Featured Research

from universities, journals, and other organizations

Social networking: Gen Xers connect online as often as they socialize in person

Date:
January 31, 2013
Source:
University of Michigan
Summary:
Young adults in Generation X are as likely to socialize with friends, family and co-workers online as they are in person, according to a new study.

Young adults in Generation X are as likely to connect with friends, family and co-workers online as they are in person, according to a University of Michigan study.

In a typical month, adults in their late 30s report that they engaged in about 75 face-to-face contacts or conversations, compared to about 74 electronic contracts through personal emails or social media.

"Given the speed of emerging technologies, it is likely that electronic contacts will continue to grow in the years ahead, eventually exceeding face-to-face interactions," said Jon D. Miller, author of the latest issue of The Generation X Report. "But the young adults in Generation X are currently maintaining a healthy balance between personal and electronic social networking."

Miller directs the Longitudinal Study of American Youth at the U-M Institute for Social Research.

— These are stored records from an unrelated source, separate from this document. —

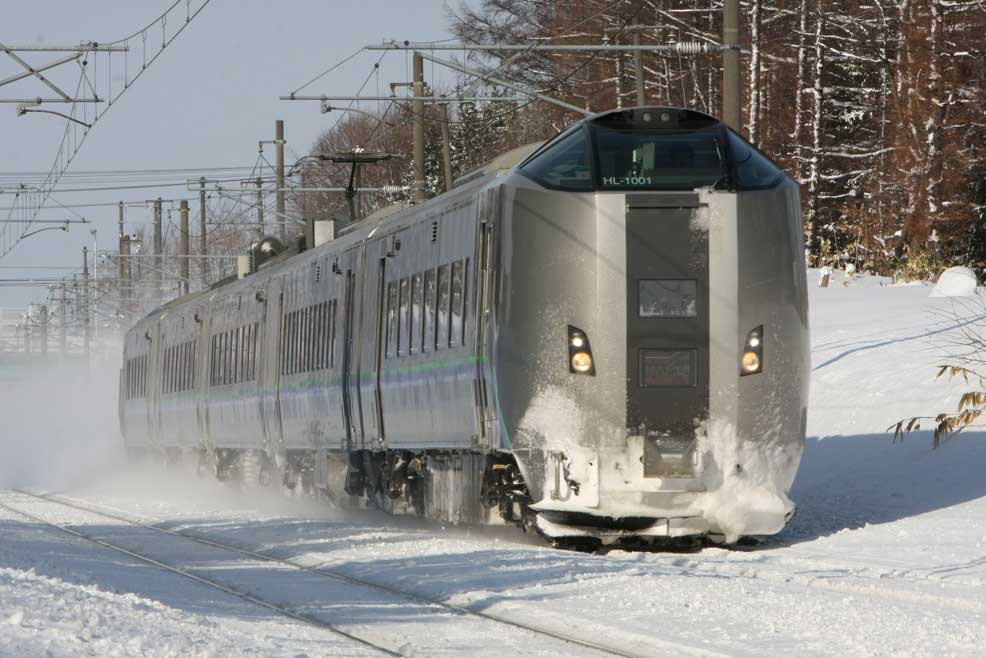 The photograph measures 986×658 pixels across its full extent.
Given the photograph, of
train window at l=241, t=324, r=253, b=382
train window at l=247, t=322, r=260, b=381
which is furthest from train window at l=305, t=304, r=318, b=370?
train window at l=241, t=324, r=253, b=382

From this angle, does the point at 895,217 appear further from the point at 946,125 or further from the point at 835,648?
the point at 835,648

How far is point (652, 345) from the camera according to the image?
47.0 ft

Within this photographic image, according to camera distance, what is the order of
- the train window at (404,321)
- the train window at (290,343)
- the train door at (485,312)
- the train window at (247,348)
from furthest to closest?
1. the train window at (247,348)
2. the train window at (290,343)
3. the train window at (404,321)
4. the train door at (485,312)

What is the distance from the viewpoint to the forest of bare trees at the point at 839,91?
122ft

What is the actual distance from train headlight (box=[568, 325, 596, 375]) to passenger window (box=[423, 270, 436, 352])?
9.28 ft

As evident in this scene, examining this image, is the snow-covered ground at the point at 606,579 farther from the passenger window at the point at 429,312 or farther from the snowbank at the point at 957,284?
the snowbank at the point at 957,284

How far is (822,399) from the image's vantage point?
24.2 m

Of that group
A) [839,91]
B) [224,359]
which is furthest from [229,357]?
[839,91]

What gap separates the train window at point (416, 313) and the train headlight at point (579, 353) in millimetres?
3376

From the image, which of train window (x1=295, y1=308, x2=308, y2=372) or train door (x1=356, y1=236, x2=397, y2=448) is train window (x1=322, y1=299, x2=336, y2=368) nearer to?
train window (x1=295, y1=308, x2=308, y2=372)

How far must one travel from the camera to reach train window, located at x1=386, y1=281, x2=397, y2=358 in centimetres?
1866

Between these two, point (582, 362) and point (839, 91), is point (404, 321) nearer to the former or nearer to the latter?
point (582, 362)

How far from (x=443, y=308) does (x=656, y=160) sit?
9.76 ft

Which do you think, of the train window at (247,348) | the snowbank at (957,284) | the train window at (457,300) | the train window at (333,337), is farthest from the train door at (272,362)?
the snowbank at (957,284) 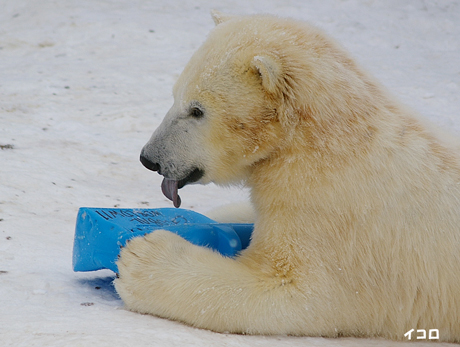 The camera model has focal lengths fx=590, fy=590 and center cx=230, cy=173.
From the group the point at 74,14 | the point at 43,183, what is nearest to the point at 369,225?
the point at 43,183

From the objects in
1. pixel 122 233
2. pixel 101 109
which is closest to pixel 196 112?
pixel 122 233

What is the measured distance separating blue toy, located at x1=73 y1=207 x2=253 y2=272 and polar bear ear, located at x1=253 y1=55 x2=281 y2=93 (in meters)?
0.86

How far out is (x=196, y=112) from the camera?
2.83 m

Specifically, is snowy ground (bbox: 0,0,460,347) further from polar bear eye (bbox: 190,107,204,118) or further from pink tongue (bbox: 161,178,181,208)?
polar bear eye (bbox: 190,107,204,118)

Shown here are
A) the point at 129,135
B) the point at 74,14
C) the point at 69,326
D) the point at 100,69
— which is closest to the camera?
the point at 69,326

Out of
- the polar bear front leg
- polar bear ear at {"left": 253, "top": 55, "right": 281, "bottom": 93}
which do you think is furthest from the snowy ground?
polar bear ear at {"left": 253, "top": 55, "right": 281, "bottom": 93}

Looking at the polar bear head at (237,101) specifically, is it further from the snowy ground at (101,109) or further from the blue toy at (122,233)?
the snowy ground at (101,109)

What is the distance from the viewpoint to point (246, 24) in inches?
114

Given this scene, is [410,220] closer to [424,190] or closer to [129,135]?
[424,190]

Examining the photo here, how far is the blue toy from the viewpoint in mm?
2848

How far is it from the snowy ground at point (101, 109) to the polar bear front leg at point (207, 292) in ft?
0.25

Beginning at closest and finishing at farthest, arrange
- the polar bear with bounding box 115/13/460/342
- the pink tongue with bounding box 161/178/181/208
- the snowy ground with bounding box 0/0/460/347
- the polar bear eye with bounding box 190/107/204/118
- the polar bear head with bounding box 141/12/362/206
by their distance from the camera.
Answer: the snowy ground with bounding box 0/0/460/347, the polar bear with bounding box 115/13/460/342, the polar bear head with bounding box 141/12/362/206, the polar bear eye with bounding box 190/107/204/118, the pink tongue with bounding box 161/178/181/208

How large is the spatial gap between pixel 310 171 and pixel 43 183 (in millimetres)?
2276

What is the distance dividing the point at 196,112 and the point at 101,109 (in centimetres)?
360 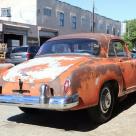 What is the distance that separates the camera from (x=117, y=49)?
8.38m

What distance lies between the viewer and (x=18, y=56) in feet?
78.1

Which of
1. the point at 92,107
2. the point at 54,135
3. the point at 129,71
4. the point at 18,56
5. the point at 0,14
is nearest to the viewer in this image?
the point at 54,135

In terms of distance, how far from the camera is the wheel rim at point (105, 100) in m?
7.18

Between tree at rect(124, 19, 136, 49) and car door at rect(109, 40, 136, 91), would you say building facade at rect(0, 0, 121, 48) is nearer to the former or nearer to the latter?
tree at rect(124, 19, 136, 49)

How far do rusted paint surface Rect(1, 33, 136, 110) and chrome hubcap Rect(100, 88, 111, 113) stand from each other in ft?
0.80

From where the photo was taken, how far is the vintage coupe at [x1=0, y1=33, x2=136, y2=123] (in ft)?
21.2

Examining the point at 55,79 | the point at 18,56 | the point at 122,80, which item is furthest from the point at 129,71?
the point at 18,56

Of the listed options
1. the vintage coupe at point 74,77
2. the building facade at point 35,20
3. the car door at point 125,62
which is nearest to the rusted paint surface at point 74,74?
the vintage coupe at point 74,77

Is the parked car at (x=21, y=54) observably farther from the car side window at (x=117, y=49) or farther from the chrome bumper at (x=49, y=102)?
the chrome bumper at (x=49, y=102)

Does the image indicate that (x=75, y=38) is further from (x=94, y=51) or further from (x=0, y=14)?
(x=0, y=14)

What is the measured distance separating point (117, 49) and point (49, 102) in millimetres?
2642

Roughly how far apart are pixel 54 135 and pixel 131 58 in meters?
3.33

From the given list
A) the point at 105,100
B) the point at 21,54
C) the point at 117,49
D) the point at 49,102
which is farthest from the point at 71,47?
the point at 21,54

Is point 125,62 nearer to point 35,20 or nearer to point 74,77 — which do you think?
point 74,77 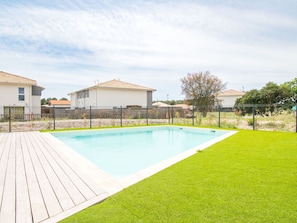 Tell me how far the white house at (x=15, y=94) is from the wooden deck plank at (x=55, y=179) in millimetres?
16408

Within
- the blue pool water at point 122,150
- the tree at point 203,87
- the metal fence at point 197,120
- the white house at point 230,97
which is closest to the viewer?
the blue pool water at point 122,150

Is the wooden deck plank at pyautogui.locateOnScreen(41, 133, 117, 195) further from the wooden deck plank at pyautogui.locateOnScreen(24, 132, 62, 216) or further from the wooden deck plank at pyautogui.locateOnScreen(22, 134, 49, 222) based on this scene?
the wooden deck plank at pyautogui.locateOnScreen(22, 134, 49, 222)

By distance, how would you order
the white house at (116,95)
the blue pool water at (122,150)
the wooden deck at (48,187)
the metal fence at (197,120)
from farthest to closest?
the white house at (116,95), the metal fence at (197,120), the blue pool water at (122,150), the wooden deck at (48,187)

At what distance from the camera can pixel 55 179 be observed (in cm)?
403

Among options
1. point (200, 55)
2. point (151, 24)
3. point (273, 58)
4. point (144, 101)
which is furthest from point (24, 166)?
point (144, 101)

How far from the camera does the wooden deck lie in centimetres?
277

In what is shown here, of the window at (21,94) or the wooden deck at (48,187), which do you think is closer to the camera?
the wooden deck at (48,187)

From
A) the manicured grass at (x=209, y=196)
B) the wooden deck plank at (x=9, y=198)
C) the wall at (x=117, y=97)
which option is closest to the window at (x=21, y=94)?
the wall at (x=117, y=97)

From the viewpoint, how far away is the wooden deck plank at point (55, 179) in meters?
3.03

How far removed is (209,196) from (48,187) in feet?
8.20

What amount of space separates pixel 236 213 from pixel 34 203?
2.59 m

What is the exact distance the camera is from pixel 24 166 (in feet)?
16.3

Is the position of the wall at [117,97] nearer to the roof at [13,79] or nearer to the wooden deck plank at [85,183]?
the roof at [13,79]

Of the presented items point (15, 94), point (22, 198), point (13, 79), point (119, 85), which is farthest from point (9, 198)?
point (119, 85) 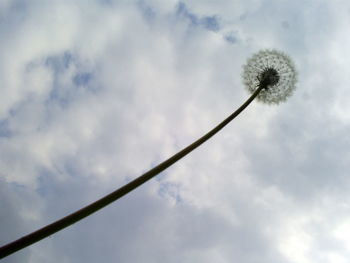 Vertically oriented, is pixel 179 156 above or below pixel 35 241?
above

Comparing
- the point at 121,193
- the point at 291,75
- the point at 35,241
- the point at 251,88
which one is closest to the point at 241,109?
the point at 251,88

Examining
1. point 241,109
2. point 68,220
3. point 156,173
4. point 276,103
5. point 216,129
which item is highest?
point 276,103

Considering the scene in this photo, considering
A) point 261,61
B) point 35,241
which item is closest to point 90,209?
point 35,241

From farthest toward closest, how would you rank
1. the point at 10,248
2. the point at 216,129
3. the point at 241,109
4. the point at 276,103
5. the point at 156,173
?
the point at 276,103 < the point at 241,109 < the point at 216,129 < the point at 156,173 < the point at 10,248

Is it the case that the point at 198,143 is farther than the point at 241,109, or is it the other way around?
the point at 241,109

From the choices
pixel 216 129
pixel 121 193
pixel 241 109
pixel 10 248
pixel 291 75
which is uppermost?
pixel 291 75

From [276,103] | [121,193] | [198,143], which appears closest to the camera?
[121,193]

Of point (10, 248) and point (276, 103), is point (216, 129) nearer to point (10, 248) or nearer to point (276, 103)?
point (276, 103)

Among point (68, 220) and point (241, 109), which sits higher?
point (241, 109)

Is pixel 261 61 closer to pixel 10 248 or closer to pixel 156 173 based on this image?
pixel 156 173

The study has been funded by the National Science Foundation since 1986, and the current report includes responses from 3,027 Gen Xers interviewed in 2011.

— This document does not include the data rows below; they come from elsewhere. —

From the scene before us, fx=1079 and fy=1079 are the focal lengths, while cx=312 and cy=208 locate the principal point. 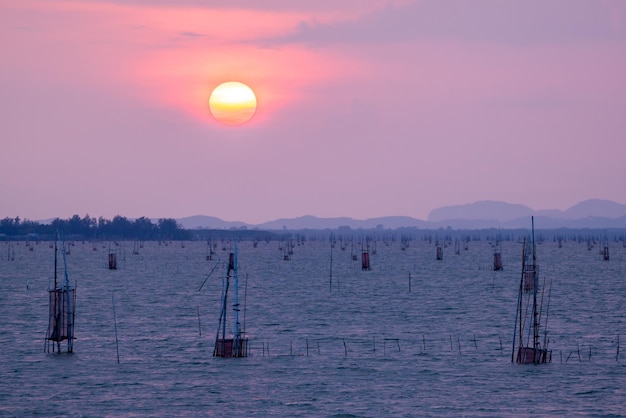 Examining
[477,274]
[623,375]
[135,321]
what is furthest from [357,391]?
[477,274]

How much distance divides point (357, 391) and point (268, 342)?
13857 mm

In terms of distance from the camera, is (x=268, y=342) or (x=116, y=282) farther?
(x=116, y=282)

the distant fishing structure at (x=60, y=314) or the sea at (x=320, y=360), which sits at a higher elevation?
the distant fishing structure at (x=60, y=314)

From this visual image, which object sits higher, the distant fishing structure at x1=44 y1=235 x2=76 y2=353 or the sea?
the distant fishing structure at x1=44 y1=235 x2=76 y2=353

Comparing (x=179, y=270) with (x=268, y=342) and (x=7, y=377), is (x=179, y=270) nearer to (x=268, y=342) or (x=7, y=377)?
(x=268, y=342)

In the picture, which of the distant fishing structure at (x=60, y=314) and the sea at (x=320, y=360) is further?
the distant fishing structure at (x=60, y=314)

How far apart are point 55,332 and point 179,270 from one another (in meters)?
99.8

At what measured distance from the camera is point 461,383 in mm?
38531

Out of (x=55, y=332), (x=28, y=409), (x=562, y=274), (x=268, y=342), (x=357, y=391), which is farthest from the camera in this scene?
(x=562, y=274)

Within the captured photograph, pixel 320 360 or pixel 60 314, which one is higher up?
pixel 60 314

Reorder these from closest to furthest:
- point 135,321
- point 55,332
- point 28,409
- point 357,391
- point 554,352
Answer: point 28,409
point 357,391
point 55,332
point 554,352
point 135,321

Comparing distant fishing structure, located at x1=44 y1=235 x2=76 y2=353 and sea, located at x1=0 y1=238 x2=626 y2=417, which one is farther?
distant fishing structure, located at x1=44 y1=235 x2=76 y2=353

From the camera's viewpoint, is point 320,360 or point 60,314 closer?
point 60,314

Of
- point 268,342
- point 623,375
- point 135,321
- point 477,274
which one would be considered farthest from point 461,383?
point 477,274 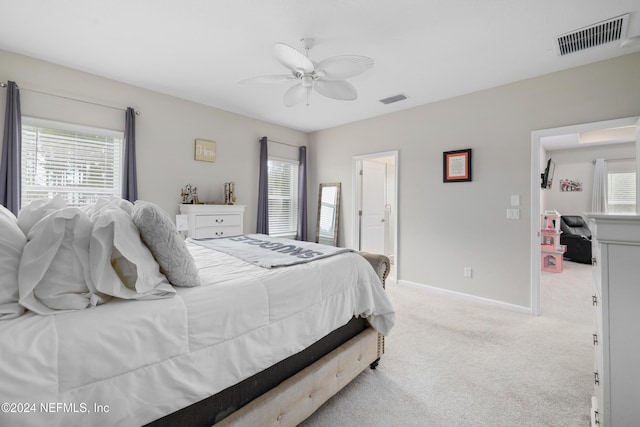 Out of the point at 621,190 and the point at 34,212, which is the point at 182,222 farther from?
the point at 621,190

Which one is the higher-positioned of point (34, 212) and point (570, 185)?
point (570, 185)

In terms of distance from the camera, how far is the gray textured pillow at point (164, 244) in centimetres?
114

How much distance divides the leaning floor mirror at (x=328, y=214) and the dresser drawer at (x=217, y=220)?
176 centimetres

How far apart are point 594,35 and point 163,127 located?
4.56 m

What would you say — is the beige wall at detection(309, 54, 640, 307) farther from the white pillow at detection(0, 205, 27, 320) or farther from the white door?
the white pillow at detection(0, 205, 27, 320)

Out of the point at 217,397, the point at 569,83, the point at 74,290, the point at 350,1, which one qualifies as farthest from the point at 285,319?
the point at 569,83

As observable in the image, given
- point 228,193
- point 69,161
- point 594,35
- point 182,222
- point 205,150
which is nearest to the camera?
point 594,35

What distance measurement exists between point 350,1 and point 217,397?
2500mm

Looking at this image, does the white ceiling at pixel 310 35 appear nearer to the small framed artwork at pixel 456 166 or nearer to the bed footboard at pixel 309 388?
the small framed artwork at pixel 456 166

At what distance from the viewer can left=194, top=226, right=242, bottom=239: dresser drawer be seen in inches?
142

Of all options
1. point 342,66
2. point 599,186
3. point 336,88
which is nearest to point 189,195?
point 336,88

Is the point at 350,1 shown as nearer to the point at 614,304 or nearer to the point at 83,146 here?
the point at 614,304

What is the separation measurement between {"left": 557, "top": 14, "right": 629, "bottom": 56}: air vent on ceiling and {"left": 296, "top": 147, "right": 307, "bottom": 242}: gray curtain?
3812 mm

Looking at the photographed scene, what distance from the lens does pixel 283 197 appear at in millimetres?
5219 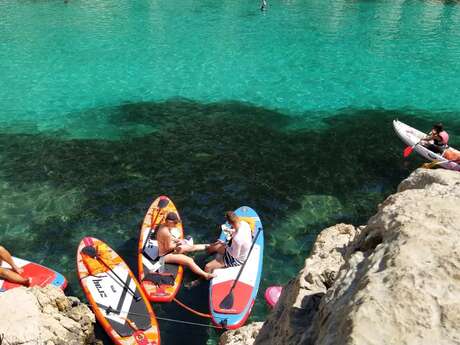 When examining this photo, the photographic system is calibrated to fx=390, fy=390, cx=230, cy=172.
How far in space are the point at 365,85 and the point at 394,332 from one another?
890 inches

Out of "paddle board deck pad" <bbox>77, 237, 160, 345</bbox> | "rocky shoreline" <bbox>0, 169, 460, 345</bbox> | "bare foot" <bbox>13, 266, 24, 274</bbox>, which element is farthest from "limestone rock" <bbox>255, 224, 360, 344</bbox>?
"bare foot" <bbox>13, 266, 24, 274</bbox>

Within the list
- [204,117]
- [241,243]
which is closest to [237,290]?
[241,243]

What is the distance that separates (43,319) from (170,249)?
3760 millimetres

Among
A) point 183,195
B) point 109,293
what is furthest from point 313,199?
point 109,293

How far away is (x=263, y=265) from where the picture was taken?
10625 millimetres

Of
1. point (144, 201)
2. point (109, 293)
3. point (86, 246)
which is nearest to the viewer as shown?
point (109, 293)

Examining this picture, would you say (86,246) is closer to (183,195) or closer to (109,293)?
(109,293)

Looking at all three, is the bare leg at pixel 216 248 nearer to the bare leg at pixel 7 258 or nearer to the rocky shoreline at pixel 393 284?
the bare leg at pixel 7 258

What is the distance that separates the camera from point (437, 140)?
49.2 feet

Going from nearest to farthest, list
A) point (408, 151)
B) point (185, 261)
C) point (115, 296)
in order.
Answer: point (115, 296) → point (185, 261) → point (408, 151)

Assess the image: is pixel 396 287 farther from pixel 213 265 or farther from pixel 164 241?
pixel 164 241

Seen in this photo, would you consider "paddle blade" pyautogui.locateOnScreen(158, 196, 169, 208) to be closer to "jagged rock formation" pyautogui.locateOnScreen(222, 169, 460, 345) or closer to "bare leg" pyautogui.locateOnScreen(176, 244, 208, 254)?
"bare leg" pyautogui.locateOnScreen(176, 244, 208, 254)

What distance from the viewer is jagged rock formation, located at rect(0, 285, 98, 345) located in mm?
6117

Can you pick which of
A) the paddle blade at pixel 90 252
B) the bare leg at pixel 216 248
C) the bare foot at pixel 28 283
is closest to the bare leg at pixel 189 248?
the bare leg at pixel 216 248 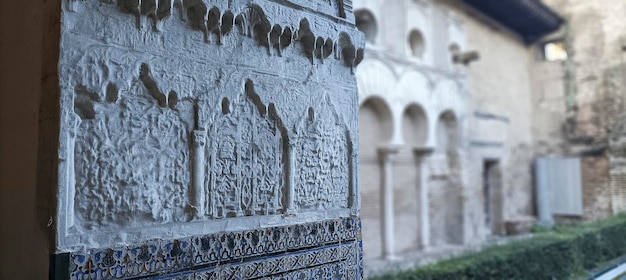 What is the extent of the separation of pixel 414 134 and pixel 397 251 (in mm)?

According to Miller, studying Gen X social networks is important because these networks, sometimes referred to as "social capital," are a vital component of the quality of life.

"The size and composition of personal networks is both a reflection of cumulative advantage over years and decades and an indicator of the resources available to get ahead and deal with problems or challenges that may arise," Miller said.

In addition to finding a rough parity between personal and electronic networks, Miller found that young adults who completed bachelor's or advanced degrees tended to have larger social networks. He also found that survey participants who did not complete high school relied more heavily on traditional personal networks and less on electronic networking.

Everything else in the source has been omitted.